Prompt: Leave the pictures behind and repeat all the entries exactly.

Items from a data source
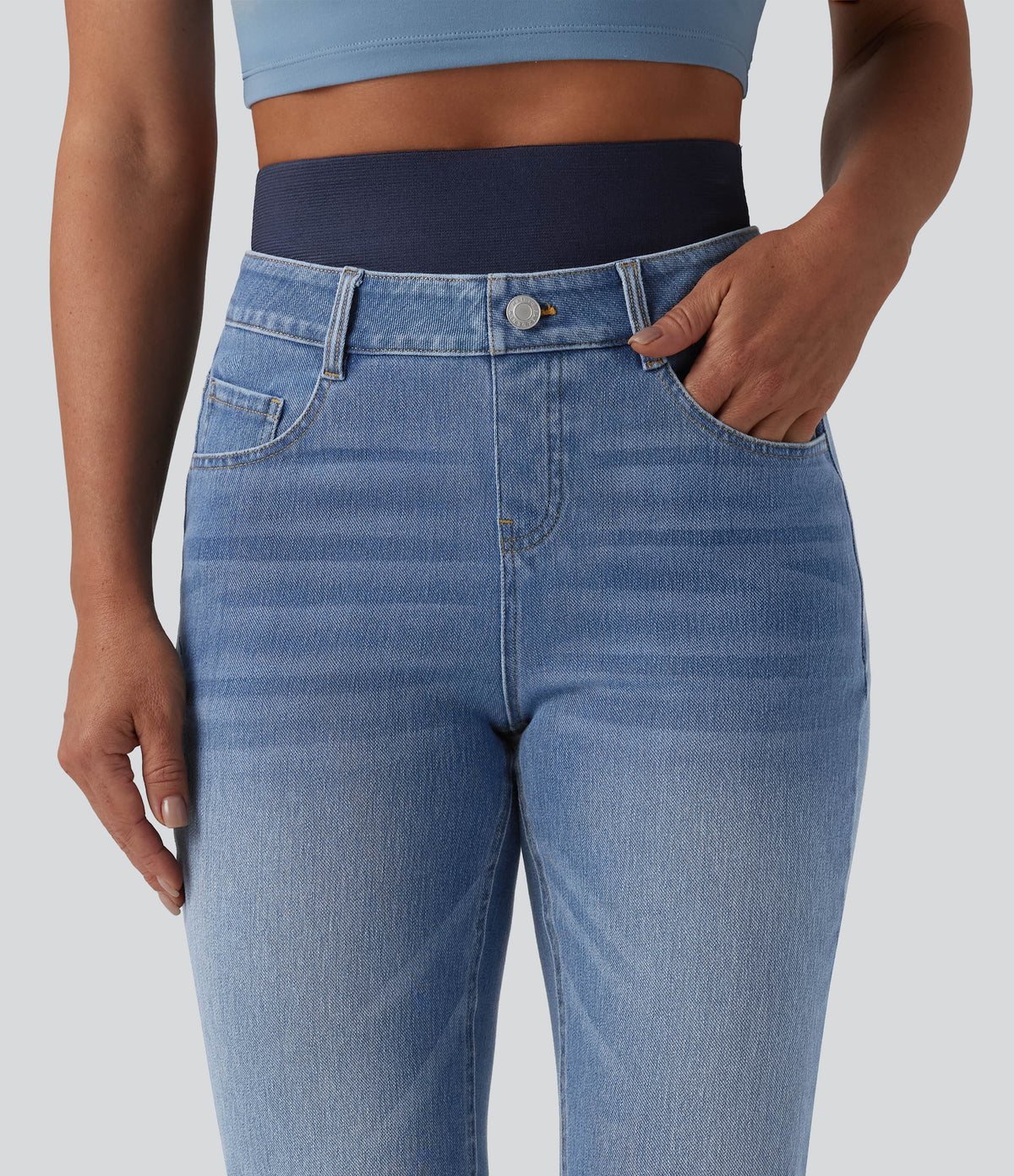 Double Waistband High Waisted Tummy Control Slim Casual Jeans with pockets — Blue Jasper Denim — view 5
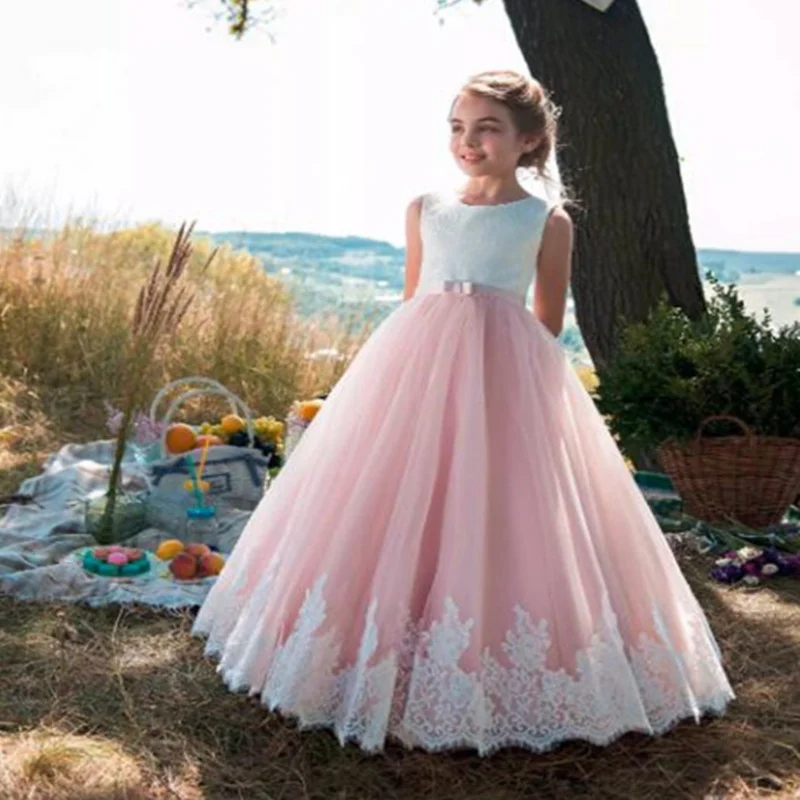 Beautiful Lovely Pink Sleeveless Lace Appliques Tulle Flower Girl Dress Girls Pageant Princess Lace Up Holy Communion Dresses
Beautiful Lovely Pink Sleeveless Lace Appliques Tulle Flower Girl Dress Girls Pageant Princess Lace Up Holy Communion Dresses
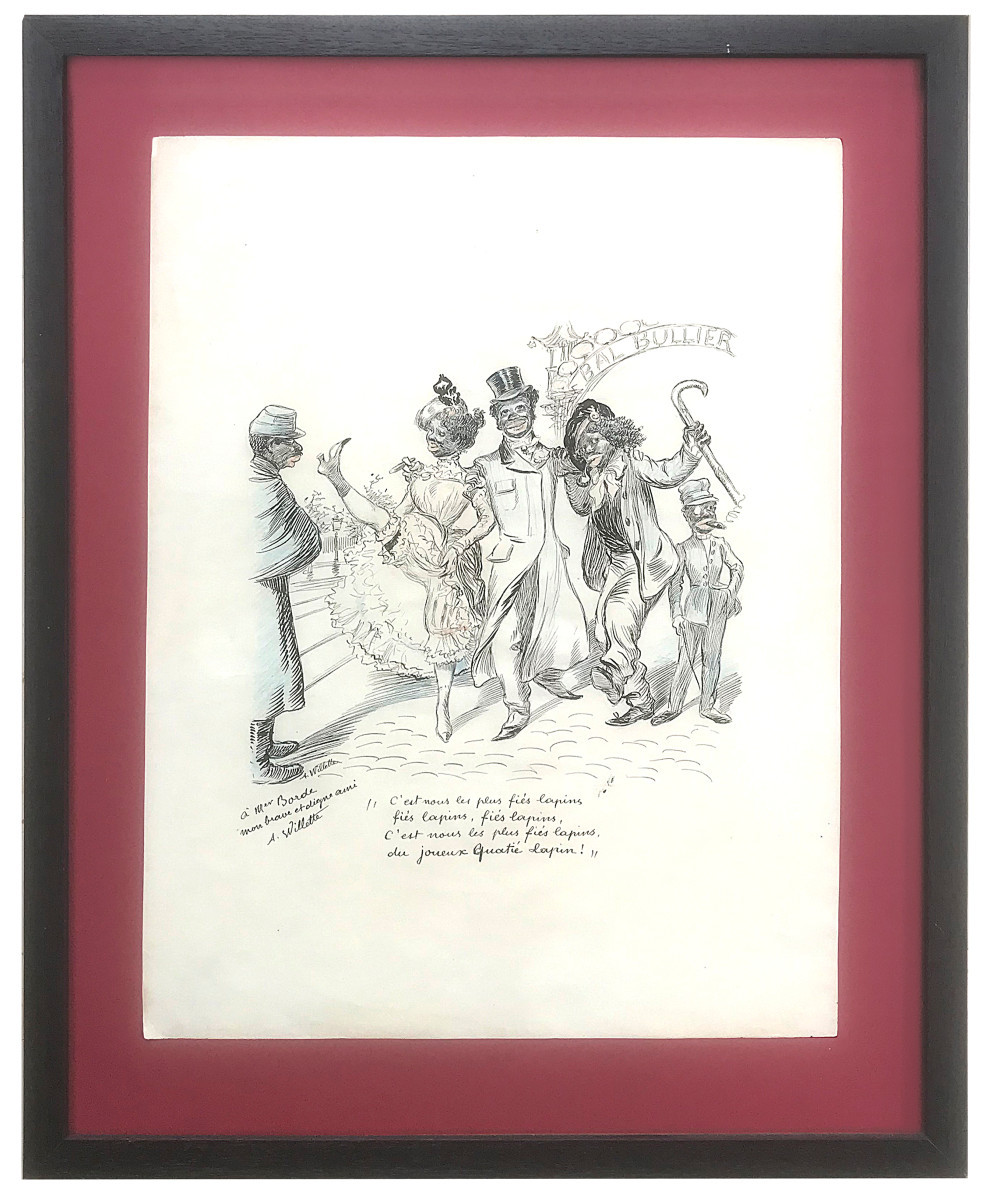 Adolphe-léon Willette (1857-1926), Cartoon Of The Bullier Ball, Ink And Pencil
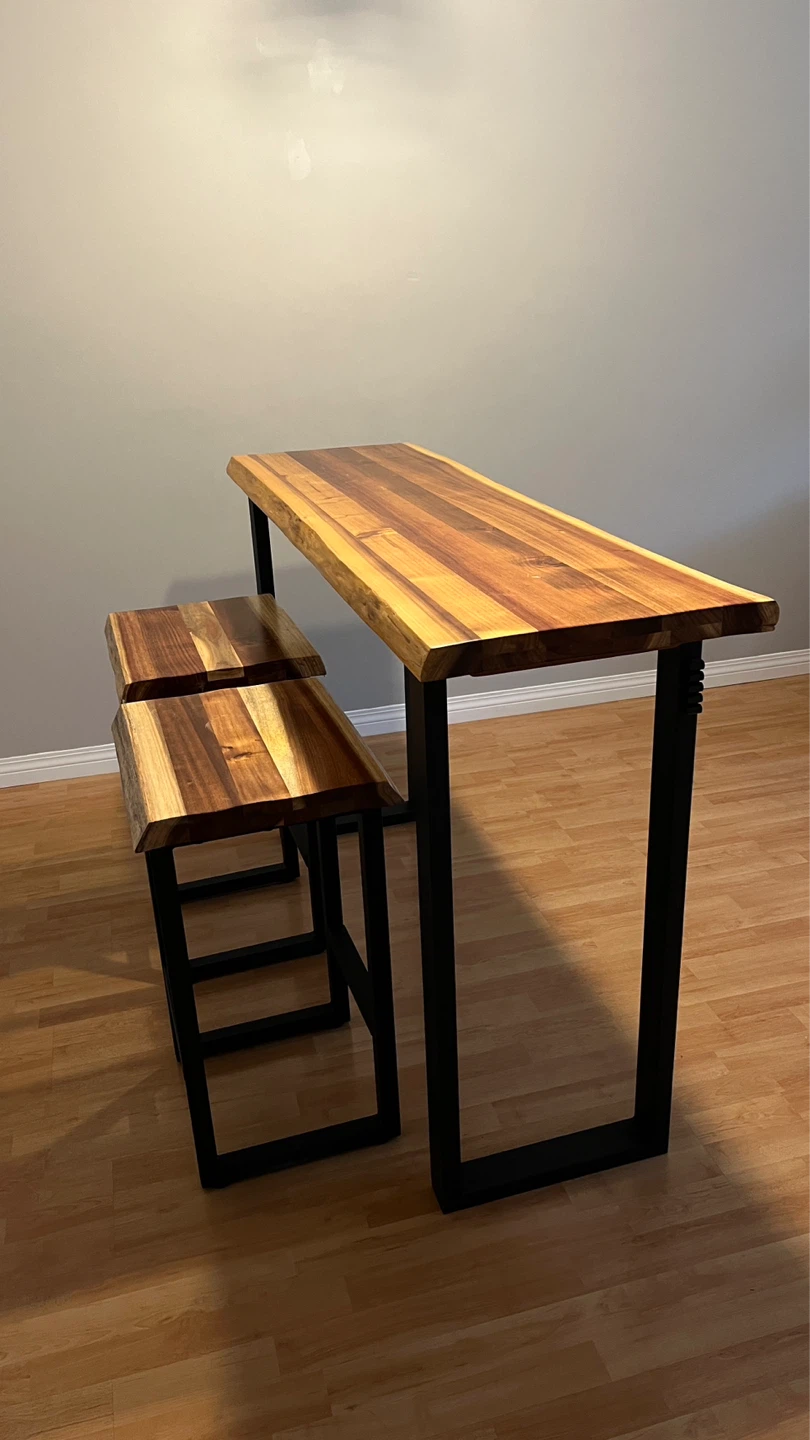 Live Edge Wood Bar Table with 2 Stools - photo 2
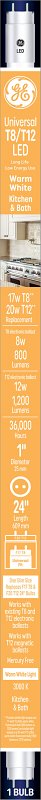 GE GE 37136 LED Tube Light Bulb, Specialty, T8 Lamp, Bi-Pin Lamp Base, Clear, Warm White Light, 3000 K Color Temp ELECTRICAL GE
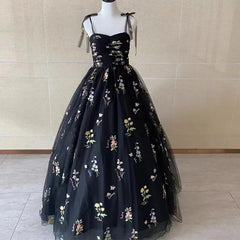 Luxury Floral Embroidery Long Black Prom Evening Dresses Women Summer Party Formal Occasions Reception Dress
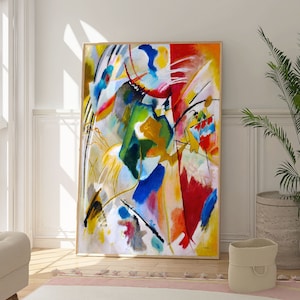 Cuadro de Kandinsky con impresión en el centro verde, arte abstracto colorido, póster moderno y vívido, decoración contemporánea, galería de arte geométrico vibrante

Response below:
 Double Waistband High Waisted Tummy Control Slim Casual Jeans with pockets — Blue Jasper Denim — view 5
 Beautiful Lovely Pink Sleeveless Lace Appliques Tulle Flower Girl Dress Girls Pageant Princess Lace Up Holy Communion Dresses
Beautiful Lovely Pink Sleeveless Lace Appliques Tulle Flower Girl Dress Girls Pageant Princess Lace Up Holy Communion Dresses
 Adolphe-léon Willette (1857-1926), Cartoon Of The Bullier Ball, Ink And Pencil
 Live Edge Wood Bar Table with 2 Stools - photo 2
 GE GE 37136 LED Tube Light Bulb, Specialty, T8 Lamp, Bi-Pin Lamp Base, Clear, Warm White Light, 3000 K Color Temp ELECTRICAL GE
 Luxury Floral Embroidery Long Black Prom Evening Dresses Women Summer Party Formal Occasions Reception Dress
 Cuadro de Kandinsky con impresión en el centro verde, arte abstracto colorido, póster moderno y vívido, decoración contemporánea, galería de arte geométrico vibrante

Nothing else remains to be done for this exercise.